JAKARTA, SWARARAKYAT.COM — Sebuah rumah mewah di kawasan Jakarta Selatan menyimpan rahasia terkelam dari lorong-lorong peradilan Indonesia. Selama satu dekade, tumpukan lembaran valuta asing dan batangan emas murni terus bertambah di sana. Seluruh harta tersebut merupakan hasil kerja sunyi seorang mantan pejabat Mahkamah Agung (MA), Zarof Ricar, yang bergerak di balik bayang-bayang sebagai perantara pengurusan perkara.
Menanam Jaringan di Birokrasi (2012–2022)
Rekam jejak kejahatan Zarof Ricar tidak dibangun dalam semalam. Saat menjabat sebagai Sekretaris Direktorat Jenderal Badan Peradilan Umum (Badilum) MA pada rentang 2010–2017, ia mulai membaca alur birokrasi dan celah pengawasan. Memasuki tahun 2012, praktik transaksi pengondisian perkara secara konsisten ia jalankan.
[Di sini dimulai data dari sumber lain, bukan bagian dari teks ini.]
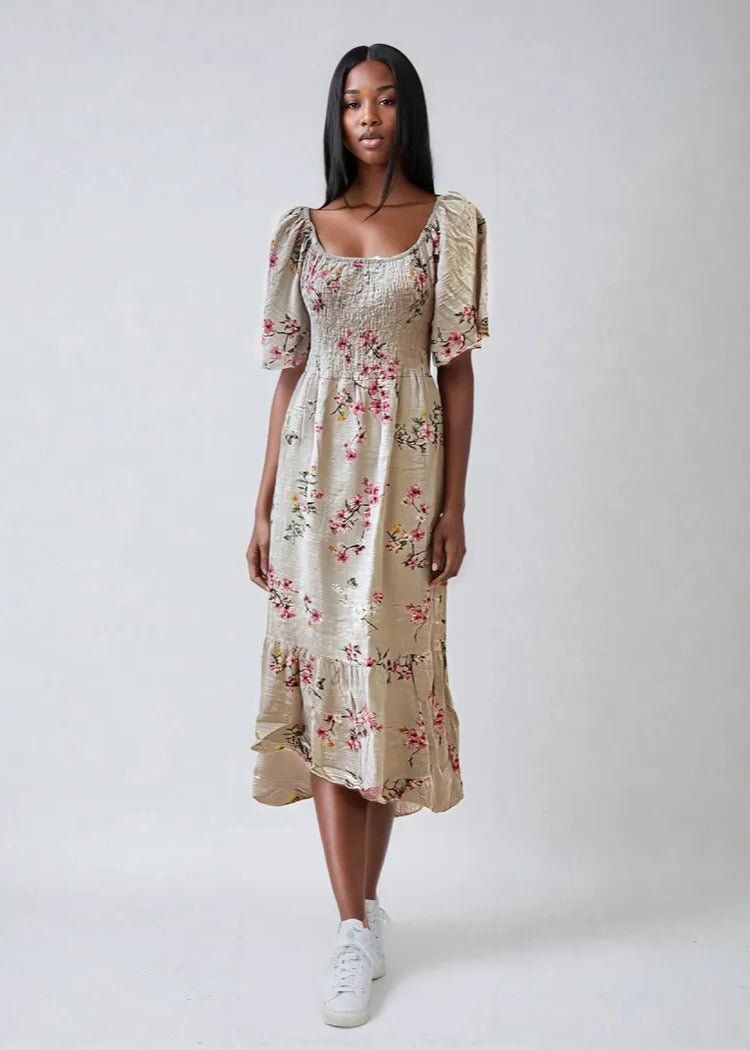 Kvinne i blomstret kjole med pufferm, volangkant og tettsittende bodice på lys beige bakgrunn.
Puncak pengaruhnya terjadi saat diangkat menjadi Kepala Badan Penelitian dan Pengembangan Pendidikan dan Pelatihan Hukum dan Peradilan (Kabadan Litbang Diklat Kumdil) MA pada periode 2017–2022. Jabatan strategis ini menempatkannya sebagai pengasuh dan pembina ribuan hakim di seluruh Indonesia.
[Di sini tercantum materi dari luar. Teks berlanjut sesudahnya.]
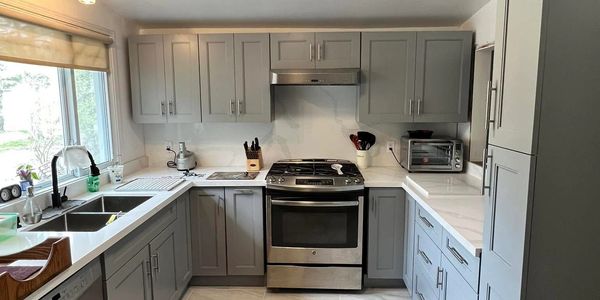 Modern kitchen with gray cabinets, stainless steel stove, and white countertops.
Dengan daya tawar dan jaringan relasi yang luas, jangkauan praktik makelar perkaranya kian masif. Uang suap dan gratifikasi dalam pecahan Dolar Singapura, Dolar AS, Euro, Ringgit, hingga Rupiah terus mengalir. Untuk menghindari rekam jejak perbankan, uang tersebut dikonversi dan ditimbun bersama 51 kilogram emas batangan di kediaman pribadinya. Sepanjang era pemerintahan Presiden Joko Widodo, bunker kekayaan hasil kejahatan itu tertata rapi tanpa tersentuh hukum hingga ia memasuki masa pensiun pada 2022.
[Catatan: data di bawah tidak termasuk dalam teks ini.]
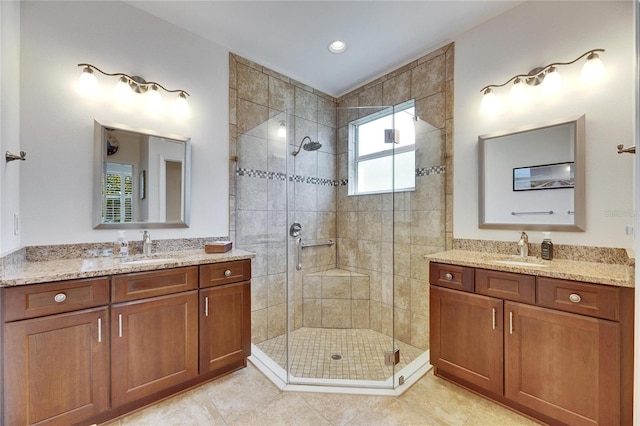 full bathroom with tile patterned floors, a shower stall, and a sink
Tumbang 4 Hari Pasca-Pelantikan Prabowo
Peta penegakan hukum berubah drastis saat transisi kepemimpinan nasional berlangsung pada Oktober 2024. Presiden Prabowo Subianto resmi dilantik pada 20 Oktober 2024 dengan komitmen tegas memberantas korupsi dan membersihkan mafia peradilan.
Hanya berselang empat hari—tepatnya pada 24 Oktober 2024—Kejaksaan Agung bergerak cepat. Pengembangan dari pengusutan kasus suap vonis bebas Ronald Tannur di Surabaya mengarah langsung ke nama Zarof Ricar. Zarof ditangkap di Bali, dan penggeledahan di rumah mewahnya langsung membongkar tumpukan uang tunai senilai Rp920 miliar serta 51 kg emas batangan.
Vonis 18 Tahun dan Perampasan Aset untuk Negara
Proses peradilan terhadap Zarof Ricar berjalan tanpa kompromi hingga memperoleh kekuatan hukum tetap (inkrah):
* Pengadilan Negeri Tipikor (Juni 2025): Dijatuhi hukuman awal 16 tahun penjara dan denda Rp1 miliar.
* Pengadilan Tinggi DKI Jakarta (Juli 2025): Hakim memperberat hukuman menjadi 18 tahun penjara.
* Kasasi Mahkamah Agung (November 2025): MA menolak permohonan kasasi Zarof. Vonis 18 tahun penjara resmi inkrah.
Seluruh barang bukti berupa uang tunai bernilai hampir Rp1 triliun dan 51 kg emas batangan dinyatakan dirampas untuk negara. Penyidikan pun terus dikembangkan ke Tindak Pidana Pencucian Uang (TPPU) guna mengusut pihak-pihak yang membantu menyembunyikan aset hasil kejahatan tersebut.
Tumbangnya Zarof Ricar menjadi catatan penting penegakan hukum: praktik korupsi terselubung yang tertimbun rapat selama sepuluh tahun akhirnya berhasil dibongkar dan ditindak tegas di awal era pemerintahan baru.